Afghan activist (born 1950)

Adela Mohseni (عادله محسنی) is an Afghan women's rights activist.

== Background ==
She was born in the Wardak province of Afghanistan and migrated with her family to Iran in 1978 at six years old. Mohseni attended the University of Tabriz and received a BA in Judicial Law. Mohseni returned to Afghanistan after the 2001 United States invasion and started working on women's rights in 2005 for the Heinrich Böll Foundation. In 2007, Mohseni began working as a program officer in the Kabul office of Rights and Democracy, a Canadian non-governmental organisation. Hamid Saboory, director in charge of the Kabul office, described Mohseni as "a very active member of Afghan civil society, helping Afghan women secure their rights".

== Refugee status ==
In February 2012, Mohseni received death threats and her family fled to India, hoping to emigrate to Canada with the help of her employer.
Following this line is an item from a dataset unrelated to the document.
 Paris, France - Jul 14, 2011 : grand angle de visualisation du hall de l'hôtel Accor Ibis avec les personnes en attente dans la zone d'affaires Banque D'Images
While in India, Mohseni was granted refugee status by the United Nations Refugee Agency but was not processed for resettlement. Rights and Democracy was shut down by the Canadian government in April 2012, so Mohseni and her family were stranded in India and remained there until they returned to Kabul in December 2013. A year later, Mohseni traveled to the United Kingdom on a visitor's visa to attend a conference about Afghanistan and was granted refugee status and residence there.